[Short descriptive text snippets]
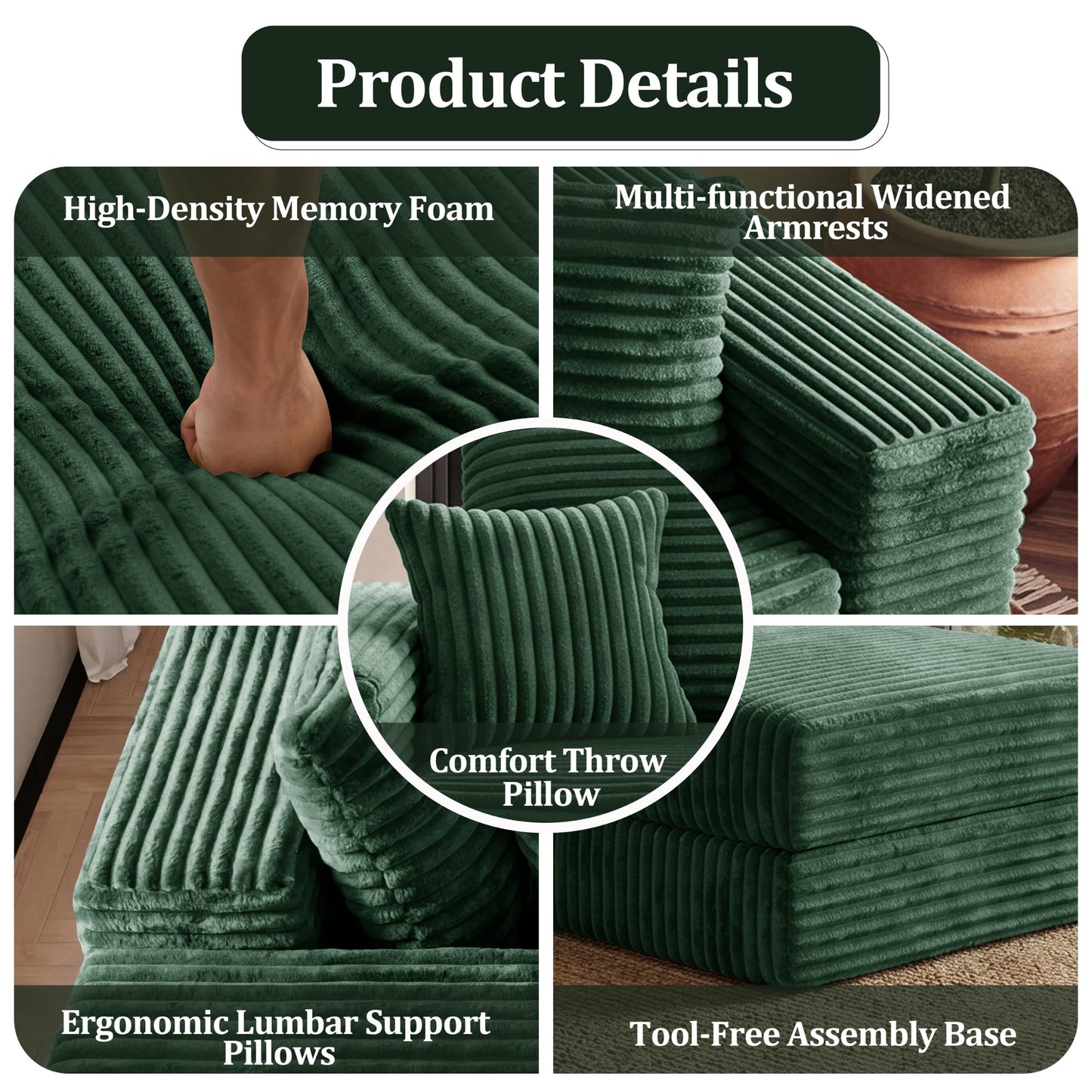75'' L-Shaped Cloud Modular Sectional Couch with Chaise, Modern Corduroy Memory Foam Sofa Bed, Upholstered Boneless Deep Seat Fluffy Sleeper Sofa, for Living Room, No Assembly Needed (Green)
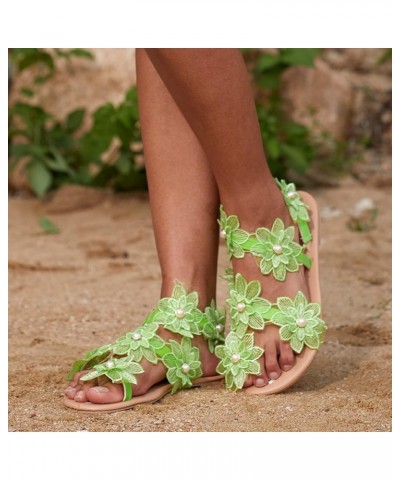 Sandals Women, Womens Floral Sandals Wedding, Stylish Bohemian Sandals Clip Toe Flat Comfortable Roman Sandals Lace Casual Sa...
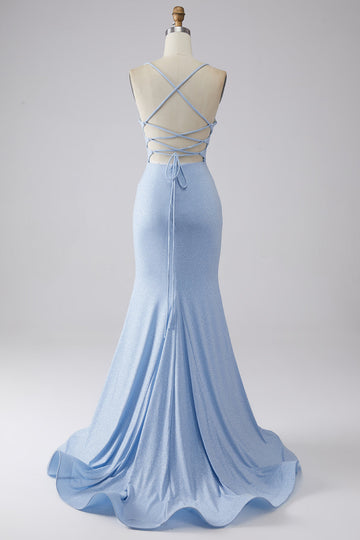 Light Blue Sparkly Mermaid Spaghetti Straps Long Ball Dress with Slit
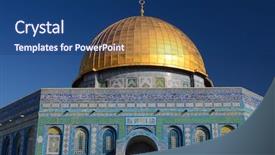  Presentation with byzantine - Slide deck having byzantine art - dome of the rock background and a  colored foreground
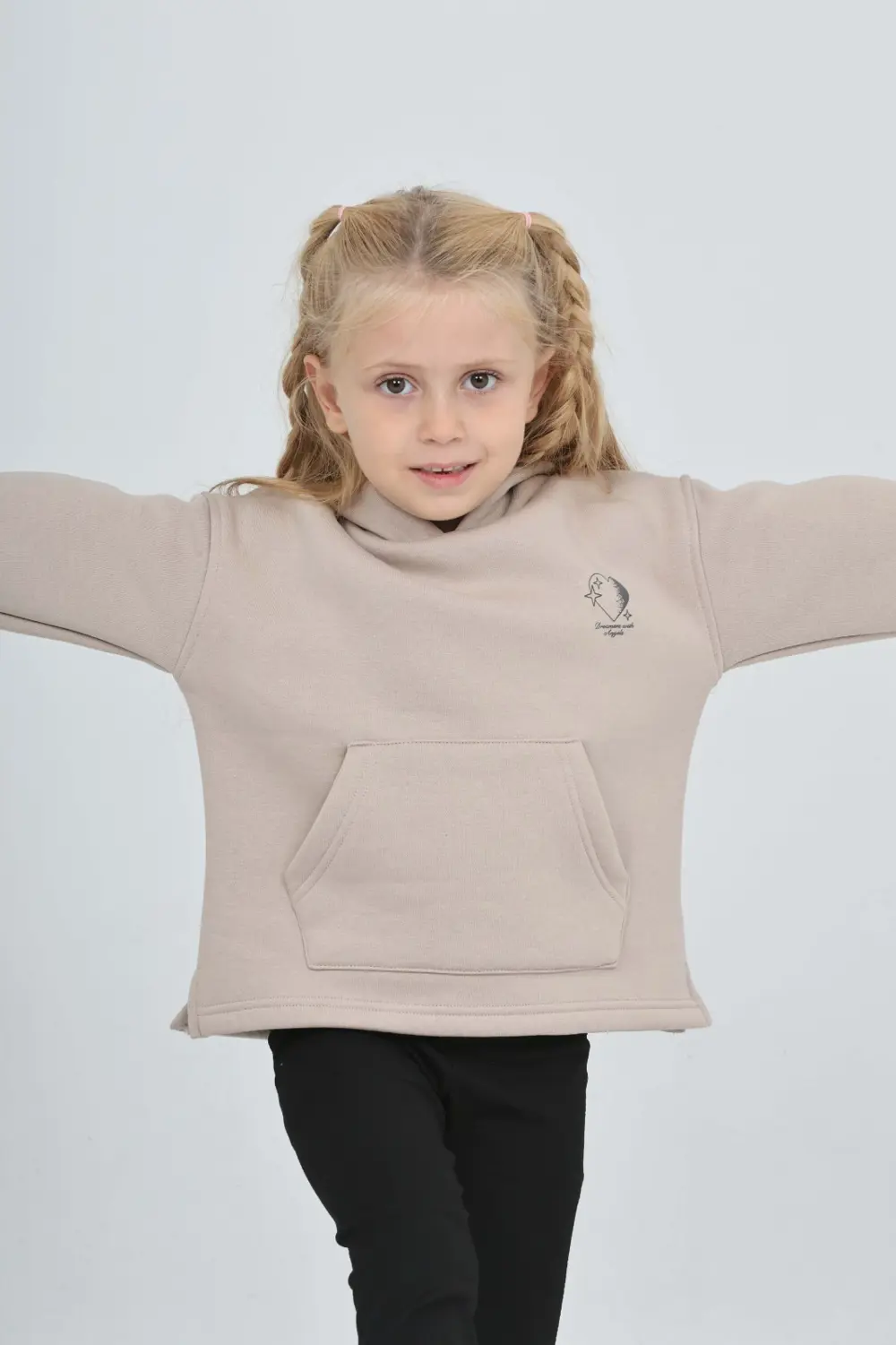 Toontoy Kız Çocuk Kalp Baskılı Sweatshırt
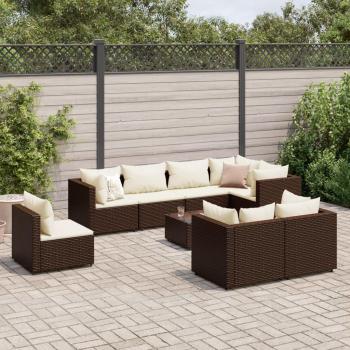9-Piece Brown Poly Rattan Garden Lounge Set with Cushions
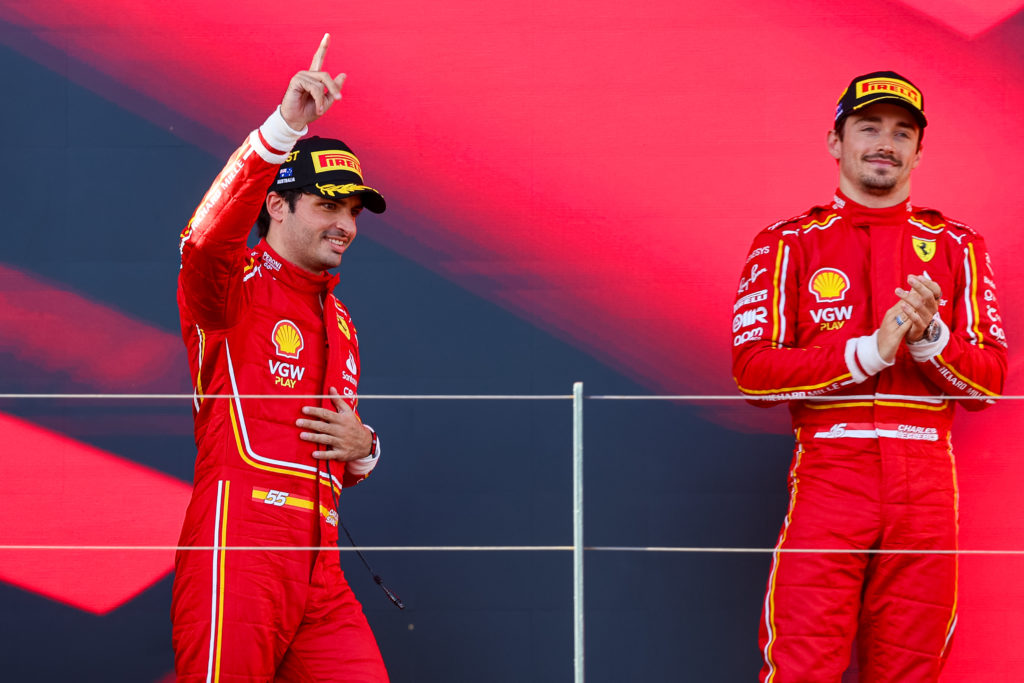 Ferrari teammates Carlos Sainz and Charles Leclerc on 2024 F1 Australian GP podium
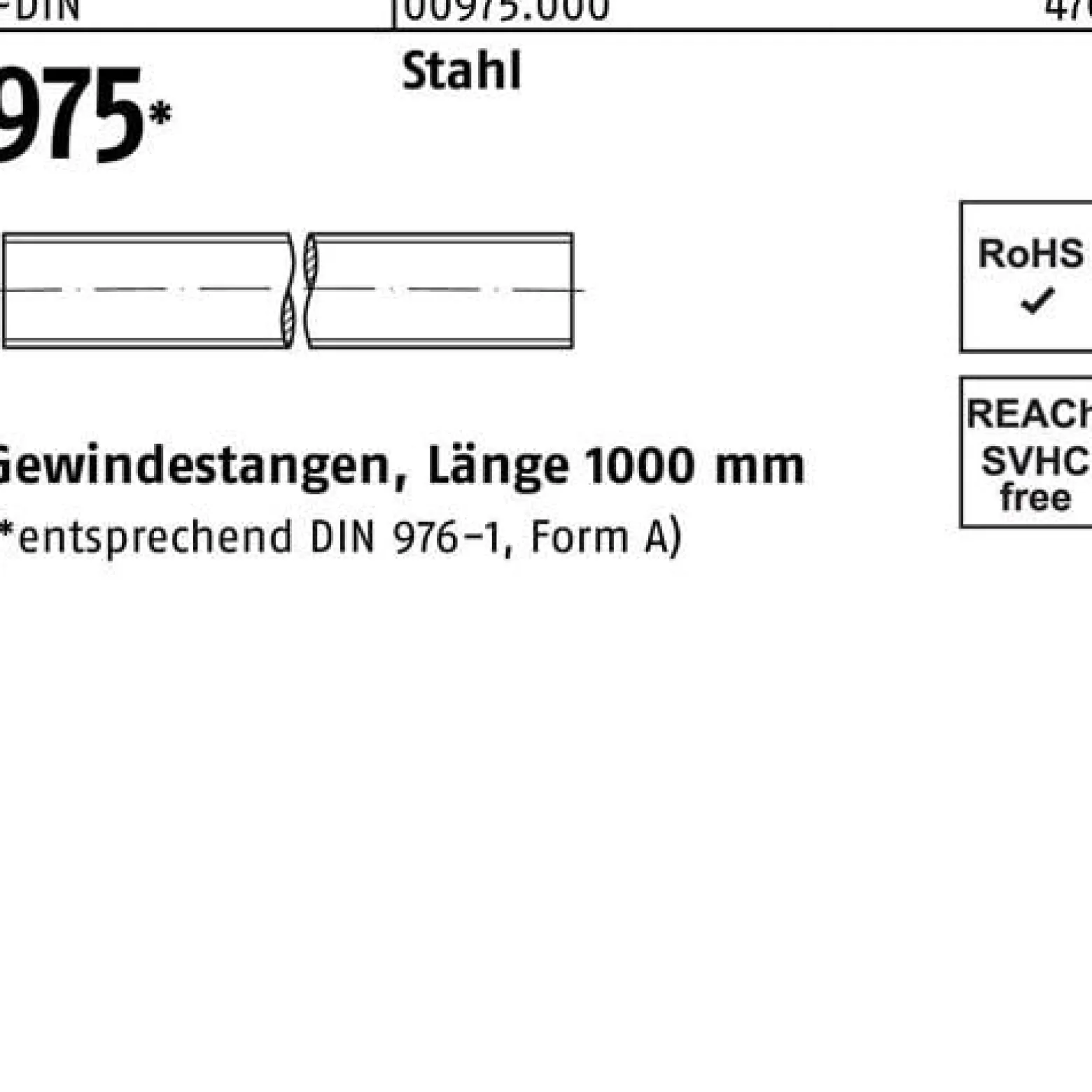 Gewindestange DIN 975 M48x 1000mm Stahl 1 Stück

* [TASK TO COMPLETE]:
Give back exactly, and only, the lines from the one holding "Ferrari teammates Carlos" through the last line of the entries, with every picture omitted.

* [EXERCISE ANSWER]:
 Ferrari teammates Carlos Sainz and Charles Leclerc on 2024 F1 Australian GP podium
 Gewindestange DIN 975 M48x 1000mm Stahl 1 Stück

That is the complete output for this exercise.